Step 1 :We are given the sample mean, sample standard deviation, and the number of samples. We are asked to test the claim that the mean nickel diameter drawn by children in the low income group is greater than 21.21 mm. This is a one-tailed t-test problem because we are testing if the mean is greater than a certain value.
Step 2 :The null hypothesis, \(H_{0}\), is that the mean nickel diameter is equal to 21.21 mm. The alternative hypothesis, \(H_{1}\), is that the mean nickel diameter is greater than 21.21 mm.
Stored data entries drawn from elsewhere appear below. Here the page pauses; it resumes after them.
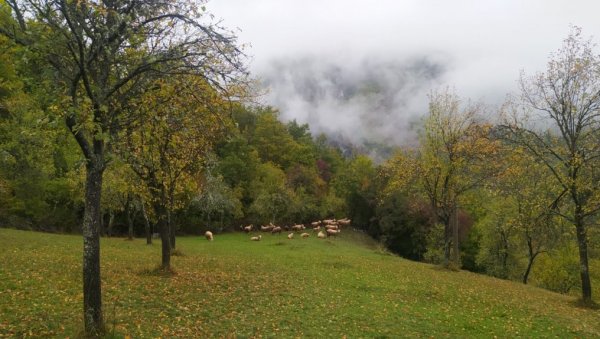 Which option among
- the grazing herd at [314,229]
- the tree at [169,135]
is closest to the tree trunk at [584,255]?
the tree at [169,135]

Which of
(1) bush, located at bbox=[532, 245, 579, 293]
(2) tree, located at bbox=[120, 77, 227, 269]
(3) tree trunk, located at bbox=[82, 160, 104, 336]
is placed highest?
(2) tree, located at bbox=[120, 77, 227, 269]

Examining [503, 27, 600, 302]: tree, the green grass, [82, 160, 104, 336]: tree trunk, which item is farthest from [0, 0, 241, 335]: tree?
[503, 27, 600, 302]: tree

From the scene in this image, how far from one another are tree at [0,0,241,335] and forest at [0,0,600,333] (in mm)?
43

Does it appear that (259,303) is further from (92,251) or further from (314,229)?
(314,229)

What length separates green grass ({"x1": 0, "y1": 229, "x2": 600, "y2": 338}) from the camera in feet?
35.8

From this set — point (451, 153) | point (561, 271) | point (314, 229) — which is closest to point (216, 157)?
point (451, 153)

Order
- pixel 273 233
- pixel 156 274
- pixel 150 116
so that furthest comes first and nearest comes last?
pixel 273 233
pixel 156 274
pixel 150 116

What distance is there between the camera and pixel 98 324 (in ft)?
29.8

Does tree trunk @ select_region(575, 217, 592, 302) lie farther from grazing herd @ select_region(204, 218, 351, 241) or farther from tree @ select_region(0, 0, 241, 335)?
grazing herd @ select_region(204, 218, 351, 241)

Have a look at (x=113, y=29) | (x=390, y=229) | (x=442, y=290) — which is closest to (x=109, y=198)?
(x=442, y=290)

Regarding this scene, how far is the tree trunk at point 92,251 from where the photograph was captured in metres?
8.94

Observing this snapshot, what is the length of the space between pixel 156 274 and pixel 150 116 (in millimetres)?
9790

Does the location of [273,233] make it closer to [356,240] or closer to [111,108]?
[356,240]

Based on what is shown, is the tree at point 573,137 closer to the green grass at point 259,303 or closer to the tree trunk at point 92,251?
the green grass at point 259,303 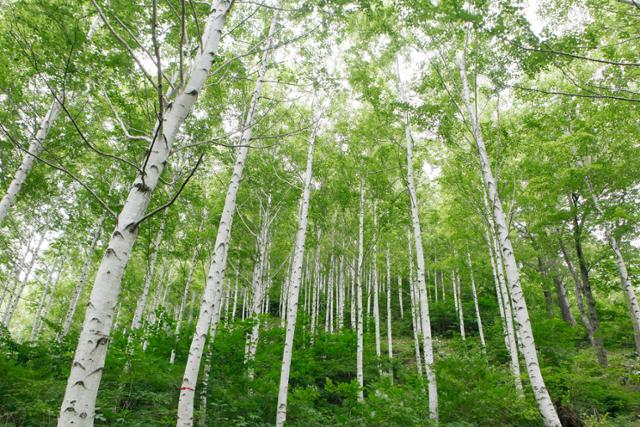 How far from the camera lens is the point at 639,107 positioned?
7.87 meters

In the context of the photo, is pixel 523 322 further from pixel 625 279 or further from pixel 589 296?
pixel 589 296

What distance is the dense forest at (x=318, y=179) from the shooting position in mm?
4863

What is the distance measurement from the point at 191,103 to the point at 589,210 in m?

Step 3 :We can calculate the test statistic using the formula: \(t = \frac{\bar{x} - \mu_{0}}{s / \sqrt{n}}\) where \(\bar{x}\) is the sample mean, \(\mu_{0}\) is the hypothesized population mean, \(s\) is the sample standard deviation, and \(n\) is the number of samples.
Step 4 :We can then compare the test statistic to the critical value at the 0.05 significance level to decide whether to reject or fail to reject the null hypothesis.
Step 5 :The test statistic value is approximately 0.642, and the critical value is approximately 1.685. Since the test statistic is less than the critical value, we fail to reject the null hypothesis. This means there is not sufficient evidence to warrant rejection of the claim that the mean nickel diameter drawn by children in the low income group is greater than 21.21 mm.
Step 6 :Final Answer: a) The correct alternative hypothesis is: \(H_{1}: \mu > 21.21\) b) The test statistic value is: \(\boxed{0.642}\) c) Using the Traditional method, the critical value is: \(\boxed{1.685}\) d) Based on this, we: Fail to reject \(H_{0}\) e) Which means: There is not sufficient evidence to warrant rejection of the claim.